How much of your work do you do together? Do you ever collaborate?

We still find opportunities to collaborate. In 2009, we curated an exhibition together called “Design for a Living World,” which opened at Cooper-Hewitt. The exhibition features product prototypes by leading designers using materials from endangered landscapes around the world. We also organized an exhibition at the Fabric Workshop Museum in Philadelphia called “Swarm,” about the art and science of tiny things that gather together to create larger intelligent structures.
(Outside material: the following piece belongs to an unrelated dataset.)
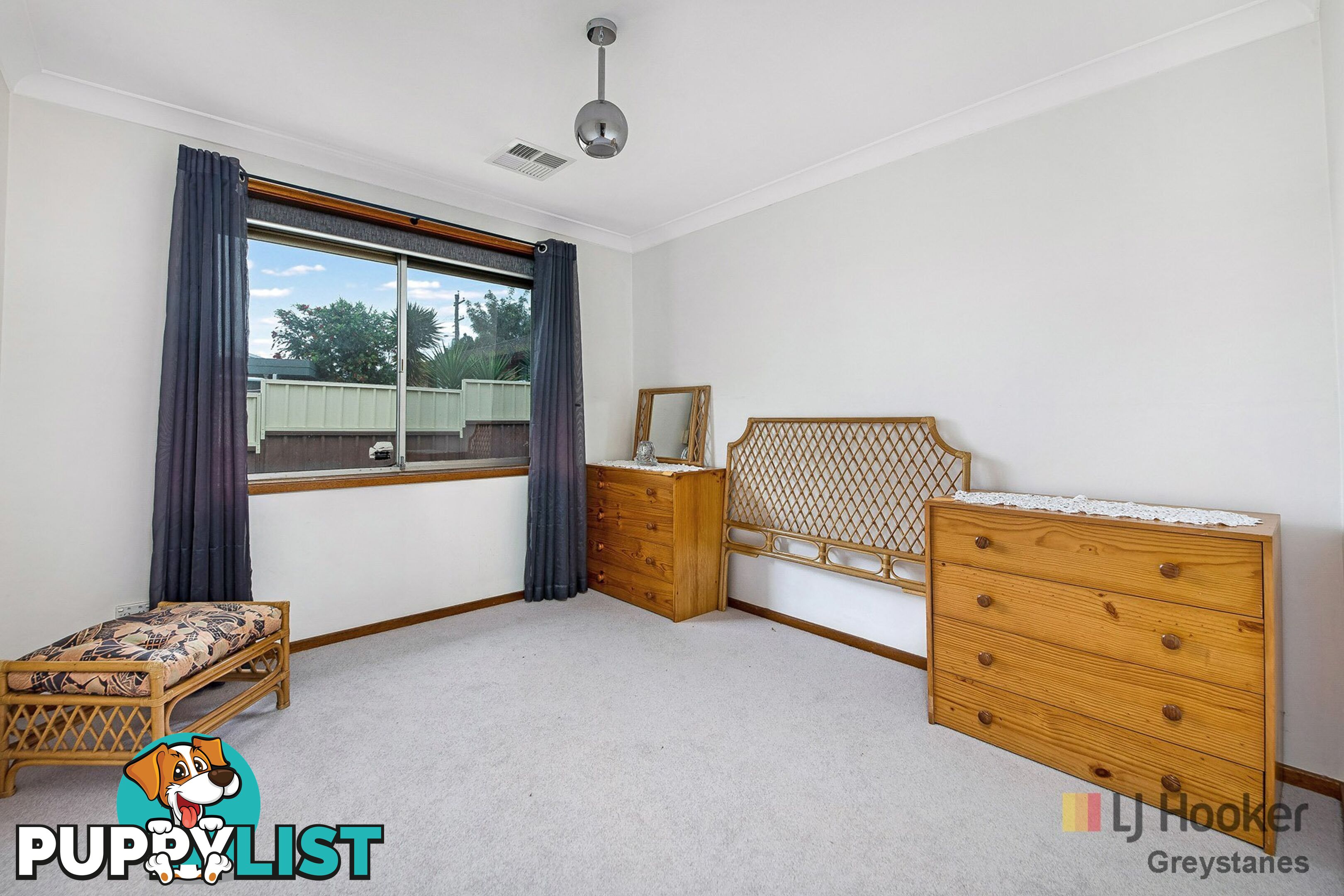 27 Nemesia Street GREYSTANES NSW 2145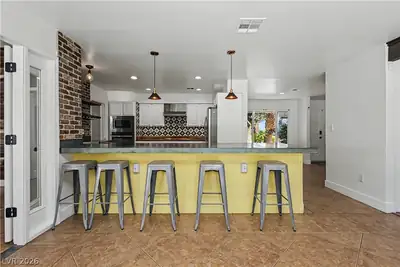 1888 East Viking Road Kitchen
We have co-authored several books, including “Design Writing Research,” a collection of essays published in 1996 that is still in print from Phaidon.

What’s your favorite thing that you’ve done or created together?

Our beautiful kids, Ruby and Jay!

How do you each think your partner influences your practice, your style, or anything else about how you make design?

Ellen: Abbott’s work is smart, beautiful, and sophisticated. It’s highly controlled yet poetic and surprising. Over the years, my career has become more focused on writing and research and less on design practice. I still do quite a bit of design, however, for my own books and curatorial projects, and I look to Abbott (when I’m brave enough) to make sure my stuff isn’t too crude and obvious. He is the master of intelligent details.

Abbott: Ellen influenced me from our very first design classes together at Cooper Union: she was always connecting design to language, culture, and humor, never accepting the constraints of design as a primarily visual or stylistic endeavor. I can remember most of the pieces she did in school because they pointed to an entirely different way of thinking. We really forged a way of working together at a very early stage in our lives, and although we now work together less, we still have those bonds. Her discipline and focus is something to behold!

How are your working lives and home lives integrated? Do either of you have a home studio, for instance?

Our home office is Ellen’s primary base, but Abbott is able to work here when he is not in New York. We are thus able to see what’s going on, but we’re not on top of each other. We definitely respect each other’s privacy.

How do you approach design-related decisions that you make as a couple in your daily lives?

Abbott definitely has primary authority over decorating the house. (Ellen controls the food.) We think couples have less stress when there is leadership in some areas. Why argue about paint colors or chicken recipes?

How do you approach your childrens’ connection to design and the visual arts?

We don’t push art and design on our kids, but we want them to see what it’s like to love what you do. Our kids have two working parents who have challenging and rewarding professional lives. If they can find that kind of satisfaction, in any field, then we will be proud and happy.